The Consumer Financial Protection Bureau updated the Fair Debt Collection Practices Act. As noted on the CFPB’s website, under the Debt Collection Rule that went into effect on November 30, 2021, bill collectors may send you electronic communications.

Collection agents may now contact you through email, text messages and social media. They must, however, provide you with a printed or electronic debt validation notice and identify themselves as debt collectors.

A debt validation notice must contain specific Information

The CFPB requires validation notices to contain written information that allows you to determine a debt’s accuracy. Notices must include the debt collector’s name and address, the creditor and your account number.

Validation notices must also specify the amount owed and outline the payments that a creditor applied to your account including fees and interest. A debt validation notice must offer you a way to dispute the debt and include a form to do so.
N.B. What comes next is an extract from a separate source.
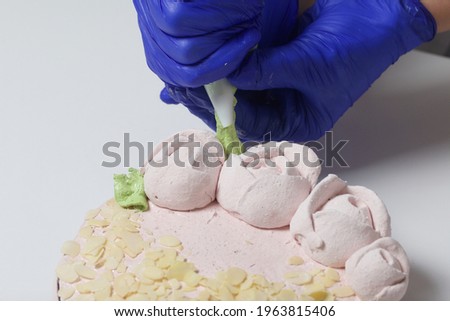 A woman prepares a marshmallow cake. Makes green leaves on roses from marshmallows. Works with a mask and gloves.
You may tear off the form and send it back to the debt collector.

Collection agents must identify themselves on social media and on the phone

As reported by USA Today, debt collectors may send you private or direct messages on social media. Messages, however, must include a bill collector’s identifying information and offer an option to unsubscribe.

The CFPB’s updates allow collection agents to make phone calls to debtors, but they may only call you up to seven times within seven days. They must also identify themselves. The CFPB’s changes do not, however, place limits on how many times debt collectors may communicate through email, text messages and social media.

As long as they identify themselves as debt collectors, send validation notices, and offer a way to unsubscribe, agents may contact you electronically as many times as they wish. The Fair Debt Collection Practices Act, however, prohibits collectors from sending threatening, false or abusive communications.